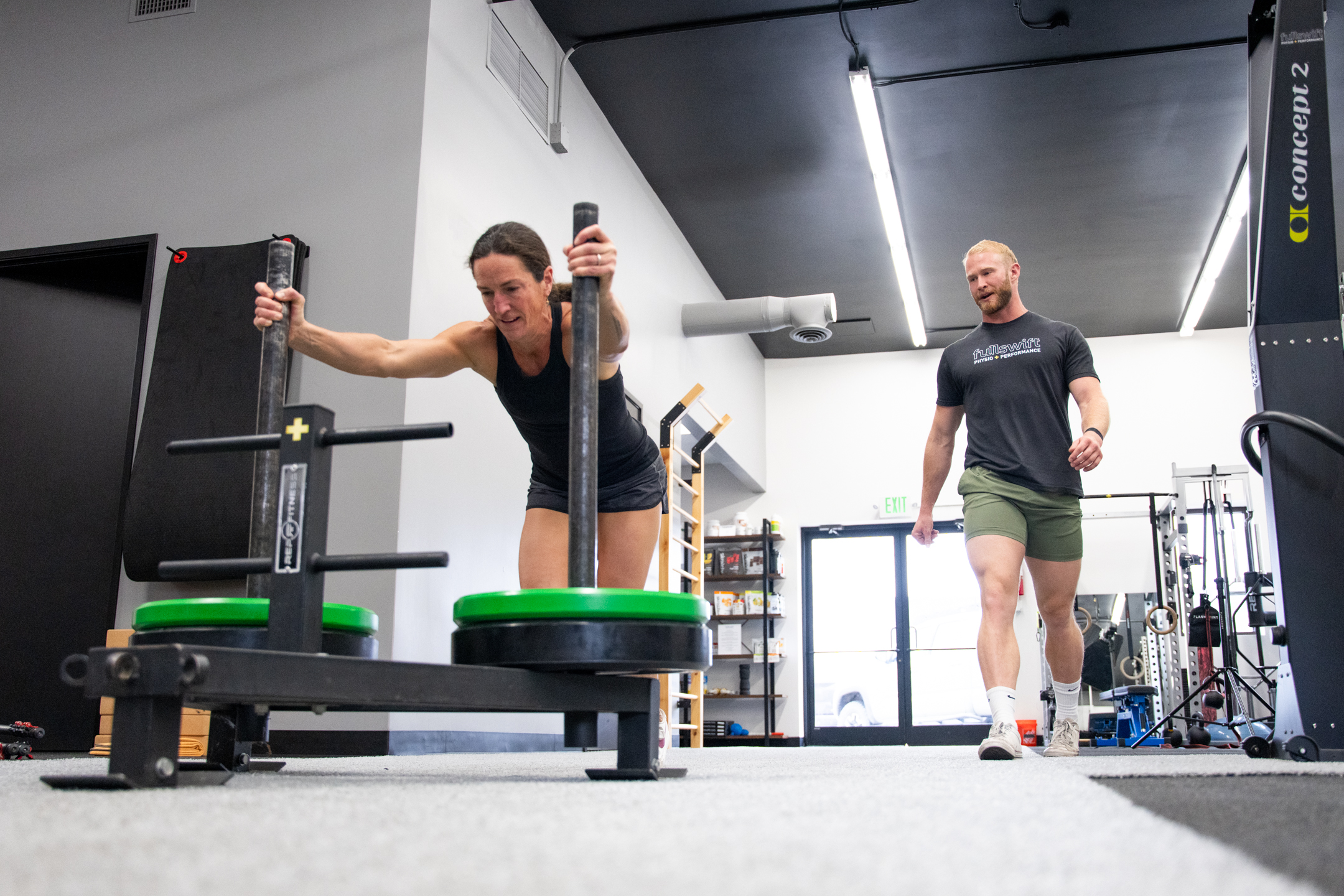 Physical therapist guiding an athlete through a strength and conditioning exercise in a performance gym setting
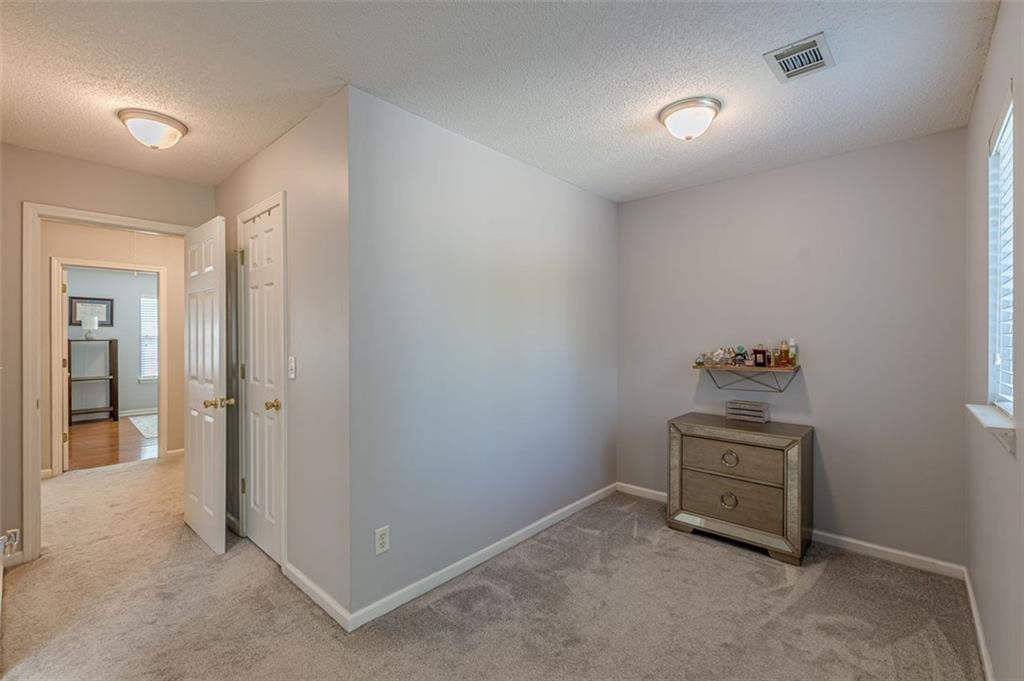 7640 Rutgers Circle Fairburn, GA 30213 - Photo 46 of 49 an empty room with a bench and mirror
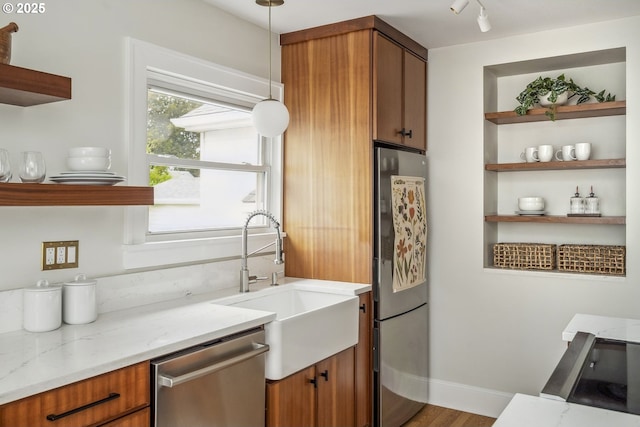 3737 NE 74th Ave, Portland, OR 97213 - kitchen with appliances with stainless steel finishes, open shelves, a sink, and brown cabinets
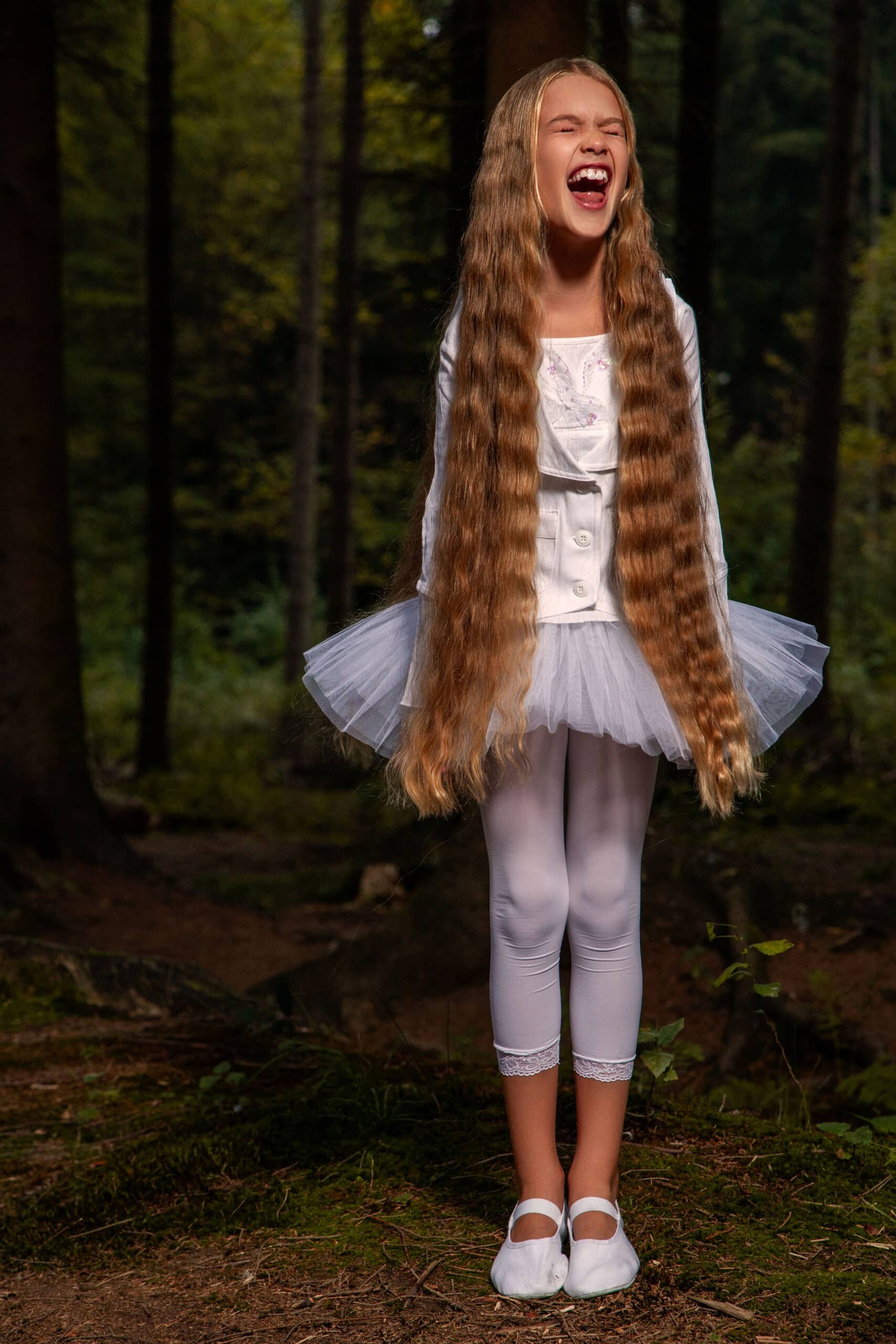 Ein junges Mädchen mit langen blonden Haaren lacht fröhlich in einem Wald. Es trägt eine weiße Bluse, ein Tutu und Leggings und wird von sanftem Licht angestrahlt. © Fotografie Tomas Rodriguez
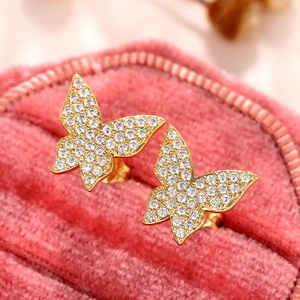 Macro shot of gold butterfly stud earrings with micro-pave cubic zirconia on pink velvet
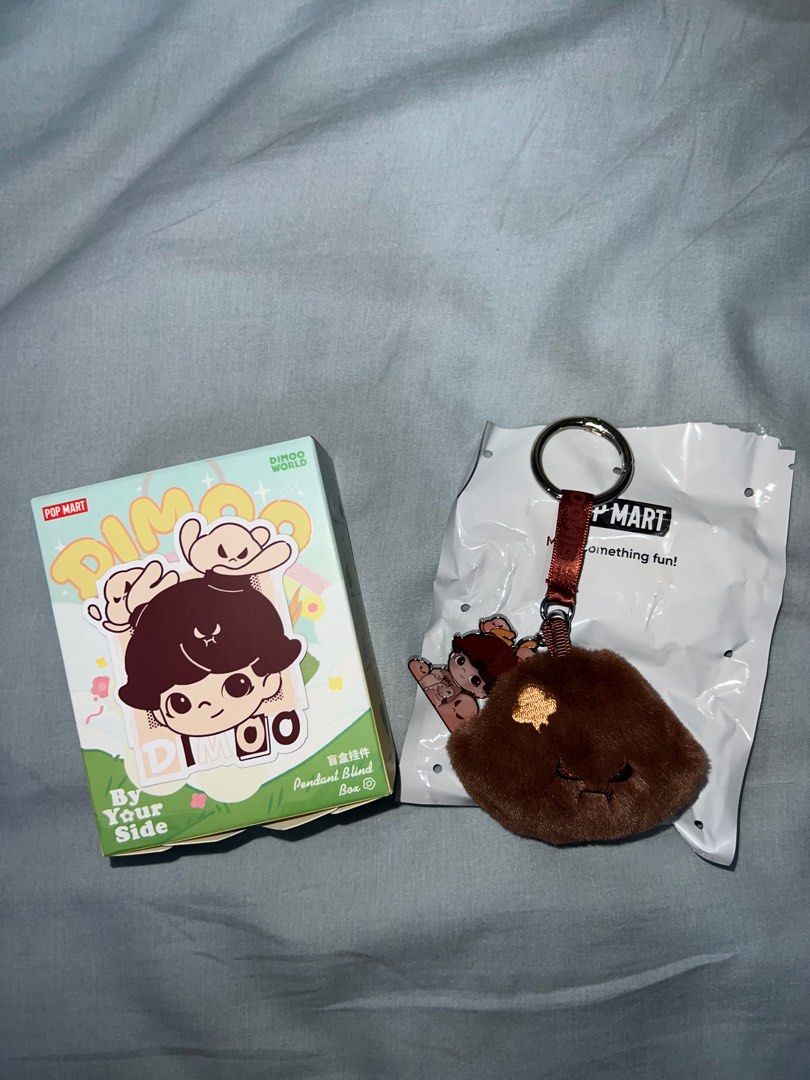 Dimoo By Your Side - Calm Down BUNDLE (Category: Designer & Blind Box Toys) located in Quezon City. Submitted by declutterion (Listing ID 1323963940, Image 3). Description: Dimoo By Your Side - Calm Down Bundle 1. Calm Down Figure (₱600) - sealed 2. Calm Down Pendant (₱450) - unsealed 3. Calm Down iPhone Lightning Cable (₱350) - unsealed Total SRP is ₱1400, but I am selling this bundle for just ₱1200! WHAT A STEAL? None of these have been used or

---+---

What the task requires — I would like an exact copy of the lines from the one holding "7640 Rutgers Circle" through the last line of the entries above, with the pictures left out.

Reply to the exercise —
 7640 Rutgers Circle Fairburn, GA 30213 - Photo 46 of 49 an empty room with a bench and mirror
 3737 NE 74th Ave, Portland, OR 97213 - kitchen with appliances with stainless steel finishes, open shelves, a sink, and brown cabinets
 Ein junges Mädchen mit langen blonden Haaren lacht fröhlich in einem Wald. Es trägt eine weiße Bluse, ein Tutu und Leggings und wird von sanftem Licht angestrahlt. © Fotografie Tomas Rodriguez
 Macro shot of gold butterfly stud earrings with micro-pave cubic zirconia on pink velvet
 Dimoo By Your Side - Calm Down BUNDLE (Category: Designer & Blind Box Toys) located in Quezon City. Submitted by declutterion (Listing ID 1323963940, Image 3). Description: Dimoo By Your Side - Calm Down Bundle 1. Calm Down Figure (₱600) - sealed 2. Calm Down Pendant (₱450) - unsealed 3. Calm Down iPhone Lightning Cable (₱350) - unsealed Total SRP is ₱1400, but I am selling this bundle for just ₱1200! WHAT A STEAL? None of these have been used or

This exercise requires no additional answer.